Meses proclamando a los cuatro vientos un proceso de normalización y resulta que no tienen la menor idea de con quién se están jugando los cuartos. Que me hubieran llamado, yo se lo digo encantado. Lo primero que haría sería pedirles reflexionar sobre en qué beneficia a los cubanos residentes en Cuba. Después les recomendaría leerse con atención la Constitución. Y les haría una pregunta: ¿qué conclusión sacáis de haber tenido una Oficina de Intereses tantos años y no haberos enterado de nada?

A Obama el gobierno cubano lo tiene catalogado como un ser débil y alientan en él esa consecuencia que los endebles manifiestan para esconder su complejo de inferioridad: aparentar fortaleza. Por eso mismo Cuba comenzó por arrancarle la concesión principal, que devolviera a la Patria a los Cinco Héroes, antes de que su artificial aureola se disolviera como un azucarillo.

En diciembre pasado, cuando comenzó todo, yo estaba escribiendo mi libro y entonces lo anuncié: “Los Cinco Héroes en Cuba, para Cuba asunto terminado”. Como en los treinta artículos que ya llevo editados en mi recién estrenada web, y en mi libro próximo a llegar a las librerías, lo tengo explicado todo con mucha anticipación, sugiero leerlos para entender.

Sólo las secciones de mi página ya dan, en sus títulos, pistas: Claves para entender la isla, Cuba es así, Hechos e intenciones, La tozuda realidad, Lo que nos cuentan, Puedo predecir, Radio Bemba -rumores-, Simbología política y resultados.

Y en mi libro “Mi ‘Casa Grande’ en La Habana” explico su propio título, viene del slogan que el Hotel Riviera ha utilizado desde siempre: ‘su casa grande en La Habana’. El hotel tiene su historia. Lo mandó construir el mafioso Meyer Lansky para competir con los existentes en Las Vegas, evitando las leyes de EE.UU. y el seguimiento al que por entonces, años 50, estaba sometido de parte del FBI. Costó 8 millones de dólares de la época, financiados por un banco creado por el anterior dictador cubano Batista. Cuando se inauguró, en diciembre de 1957, fué el hotel-casino más grande del mundo fuera de Las Vegas. El casino facturó 3M usd en sus primeros cuatro meses.

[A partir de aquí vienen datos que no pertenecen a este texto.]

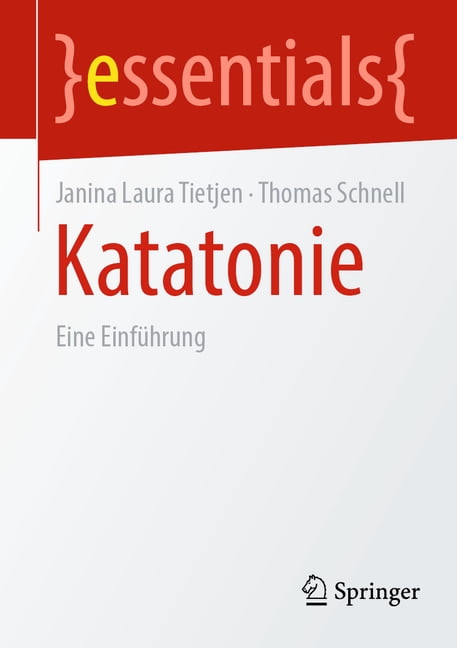 Essentials Katatonie: Eine EinfÃ¼hrung, (Paperback)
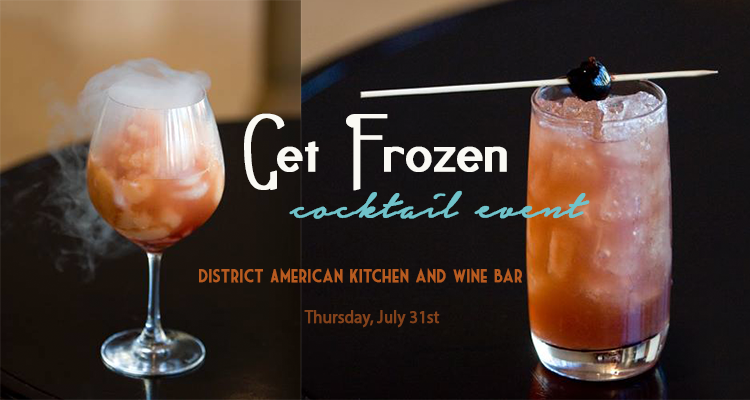 Get Frozen Cocktail Event at District American Kitchen and Wine Bar - July 31st, 2014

Todo duró poco porque en enero de 1959 Fidel, en este mismo hotel, conferenció informando al mundo de la Revolución, y en octubre del año siguiente se ilegalizó el juego y se nacionalizaron todos los hoteles-casino que para entonces ya se habían abierto.

¿Por qué lo cuento? Porque es un paradigma de lo que los jerifaltes cubanos temen, los americanos quieren, nadie lo reconoce, no puede ser y además es imposible. No ahora, no así, no con ellos. Ni con el uno ni con el otro.

Poderosos, leales, disidentes, exiliados, expatriados… Primarias, presidenciales, demócratas, republicanos, lobbies… ¡Tremendo lío!… Y la Secretaria de Comercio sin enterarse de nada. ‘Escuchar y aprender’, dice que quiere. ¡Va lista!